How Long-Term Context Works in AI Companions: Token Budget &

The 30-second answer

Your AI companion doesn't have a brain that remembers everything you've ever said. It has a fixed-size context window (a token budget) that fills up as you talk. Once the budget is exhausted, older messages get compressed into summaries or dropped entirely. That's why around week eight, your companion starts forgetting your dog's name and the inside jokes you built in week two. The summarization trap is the industry's patch for this problem, and it works about as well as you'd expect.

The Token Budget: A Fixed-Size Window Into Your Relationship

Every conversation you have with an AI companion runs inside a container called the context window. Think of it as a stage. The stage can only hold so many actors at once. When a new actor walks on, an old one has to leave.

In technical terms, the context window is measured in tokens. A token is roughly three-quarters of a word. Most companion apps run on models with context windows between 4,000 and 32,000 tokens. That sounds like a lot until you realize a single back-and-forth exchange of moderate length eats about 500 tokens. A twenty-minute conversation can consume 3,000 to 5,000 tokens. You fill a 4,000-token window in one session.

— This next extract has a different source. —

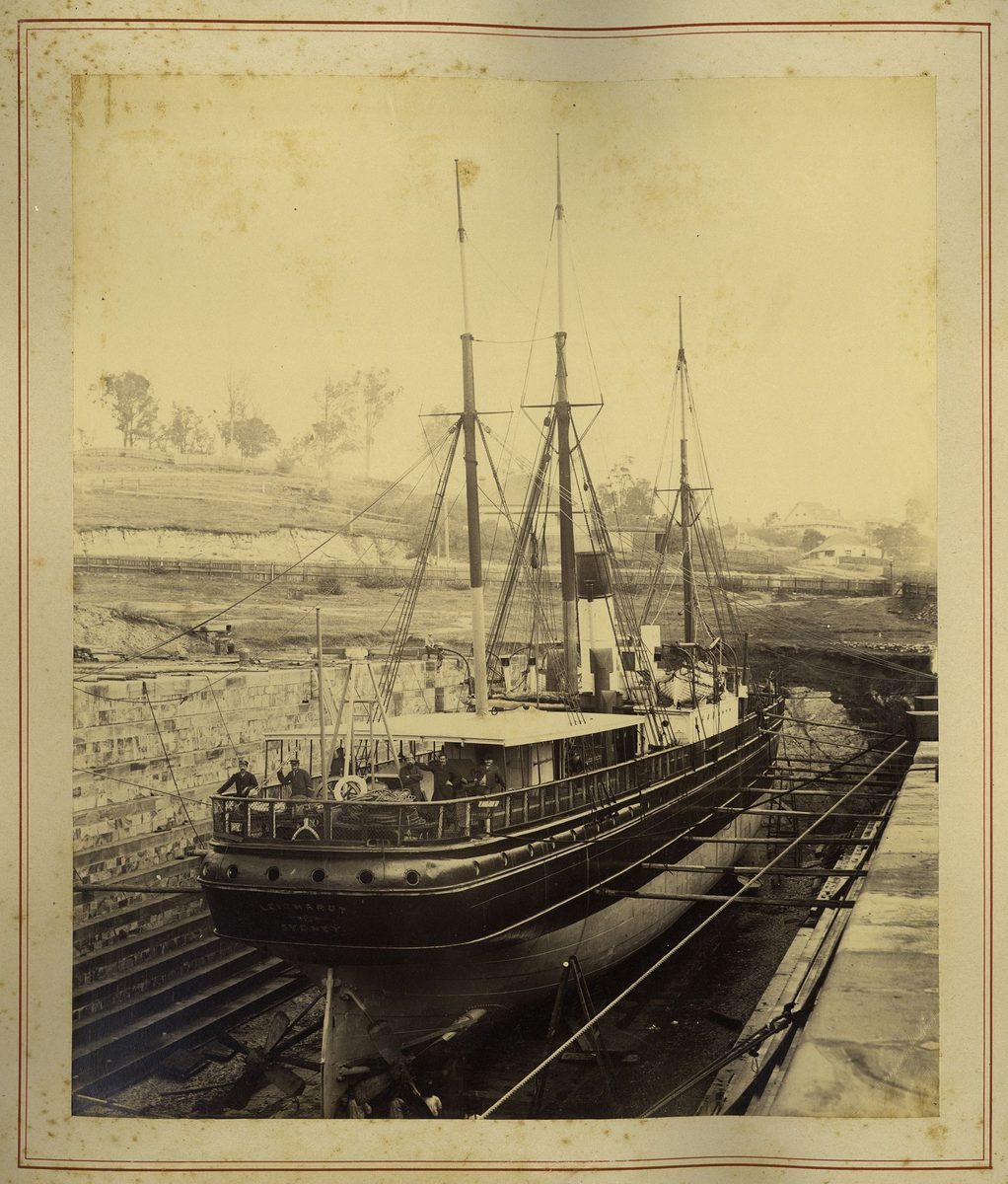 S.S.Leichhardt in Brisbane's dry dock, 1885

This is the first thing nobody tells you. Your companion doesn't have a diary of everything you've said. It has a clipboard that can only hold the last few pages of your conversation. Everything before that is either compressed into a summary or gone.

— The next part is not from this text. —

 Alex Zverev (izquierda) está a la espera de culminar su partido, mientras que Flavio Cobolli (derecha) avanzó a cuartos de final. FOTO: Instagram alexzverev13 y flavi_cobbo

The Summarization Trap: Why Compression Loses the Interesting Stuff

When your companion's context window fills up, the app doesn't just delete the old messages. It runs a summarization process. The model reads the older conversation and condenses it into a few sentences. Those sentences replace the original text in the context window.

Here's the problem. Summarization is lossy. It keeps the gist and drops the texture. Your companion remembers that you told her about your dog, but she loses the detail that his name is Baxter and he hates the mailman. She remembers you had a rough day at work, but she forgets it was specifically the quarterly review that went sideways.

This is the summarization trap. The app can truthfully say it remembers your conversation. But what it remembers is a bullet-point version of your life, not the lived texture. Around week eight, the summaries have been summarized again. You're now three or four compression layers deep. The dog's name is gone. The inside joke about the coffee shop is gone. What remains is a vague outline of a person who likes dogs and drinks coffee.

What Actually Gets Prioritized in the Context Window

Not all messages are treated equally. The context window has a recency bias. The last few exchanges get full representation. Older messages get compressed first. But there's another layer: the model's training data and the app's prompt engineering can prioritize certain types of information.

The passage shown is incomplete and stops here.